2) Extend term limits from 8 to 12 years; and,

3) Public financing of General Assembly and Congressional races, because "we have to take the money out of this process."
Bennett shot back that 75% of the public opposes public financing of political campaigns, but Redfern replied that 75% opposed term limits. It takes "courage and political capital" to implement unpopular but needed reforms, he added.

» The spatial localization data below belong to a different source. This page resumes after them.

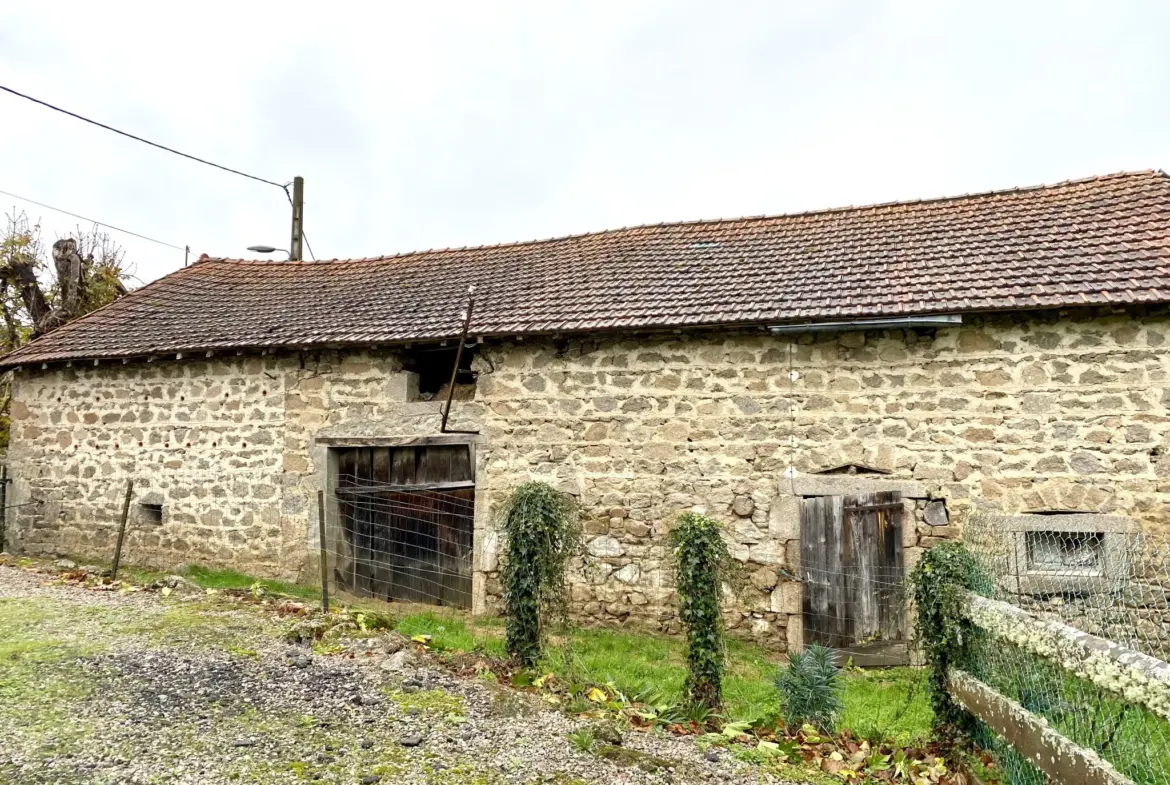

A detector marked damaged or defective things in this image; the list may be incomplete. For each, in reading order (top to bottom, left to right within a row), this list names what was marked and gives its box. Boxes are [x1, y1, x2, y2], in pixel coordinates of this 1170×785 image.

rusted metal [440, 284, 476, 434]
rusted metal [944, 668, 1136, 784] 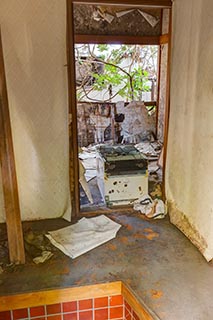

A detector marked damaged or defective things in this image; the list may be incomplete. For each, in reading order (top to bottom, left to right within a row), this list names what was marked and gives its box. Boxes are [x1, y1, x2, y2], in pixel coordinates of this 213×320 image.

damaged wall [0, 0, 71, 221]
damaged wall [74, 4, 161, 36]
broken ceiling panel [74, 4, 161, 37]
damaged wall [166, 0, 213, 260]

On the topic of reforming how public education is financed, Redfern said he believes that Ohio deserves a public debate on the matter. As the legislature becomes closer, it is "easier to agree on 95% of issues," he said. It will be very difficult to fix school funding in 4 years (i.e., Strickland's first term), because "people don't want to pay more taxes." However, the state needs to put more money into education. What Ohio needs first, however, is "to have the discussion on how much we need to put in," a discussion that has not yet occurred. In response, Bennett made the odd point that previous Democratic tax increases have been sustained by Republicans during their control of state government, and said that the parties are going to have to work together to address the school funding problem.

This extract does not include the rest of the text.